欧州議会は3月30日、賃金の透明性に関する指令案を可決した。雇用主に男女間賃金格差の公開や採用時の賃金情報提供を義務付けるほか、労働者が同等の仕事をしている他の労働者の平均賃金レベルの情報を得る権利、賃金格差の分析と是正を進める「共同賃金評価」規定、賃金差別被害者の司法アクセスなどを定めた内容。EU加盟国は3年以内に国内法を整備する見込みだ。
男女間賃金格差の開示をめぐっては、EUを中心に2000年前後から賃金透明化に向けた議論や立法の動きがあり、2014年3月には「透明性を通じて男女同一賃金原則を強化する欧州委員会勧告」が出されている。日本で22年7月に300人超企業に義務化された、男女間賃金格差開示の動きの背景になったとの指摘もある。

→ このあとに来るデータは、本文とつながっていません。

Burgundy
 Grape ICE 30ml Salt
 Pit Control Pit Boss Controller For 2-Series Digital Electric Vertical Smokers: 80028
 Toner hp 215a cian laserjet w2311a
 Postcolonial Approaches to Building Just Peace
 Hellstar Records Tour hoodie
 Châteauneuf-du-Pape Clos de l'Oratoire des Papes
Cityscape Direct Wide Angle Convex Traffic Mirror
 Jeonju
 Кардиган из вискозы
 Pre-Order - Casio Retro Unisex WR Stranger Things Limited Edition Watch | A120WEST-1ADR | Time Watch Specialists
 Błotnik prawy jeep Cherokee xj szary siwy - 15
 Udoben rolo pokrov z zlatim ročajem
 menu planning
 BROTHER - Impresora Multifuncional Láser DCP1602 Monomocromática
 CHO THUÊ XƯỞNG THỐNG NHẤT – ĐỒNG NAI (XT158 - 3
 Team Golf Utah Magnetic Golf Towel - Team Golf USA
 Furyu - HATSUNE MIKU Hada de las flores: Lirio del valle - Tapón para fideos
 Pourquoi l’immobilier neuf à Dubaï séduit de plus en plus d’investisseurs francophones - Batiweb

可決されたEU賃金透明性指令では、250人以上雇用する企業は毎年、100~249人雇用する企業は3年に一度、基本給と変動的部分ごとの男女間賃金格差を公開する義務を負い、労働者は、自身と同一労働又は同一価値労働に従事する労働者範疇について、男女別の平均賃金水準に関する情報の提供を求め入手する情報入手権を持つ。
いずれかの労働者範疇で男女間に5%以上の平均賃金の差異があり、客観的で性中立的な要素で正当化する理由がない場合は、格差是正に向けた労使による「共同賃金評価」を行うことを定める。
そのほか、雇用主の立証責任や労使対話の促進、司法へのアクセス保障などを規定している。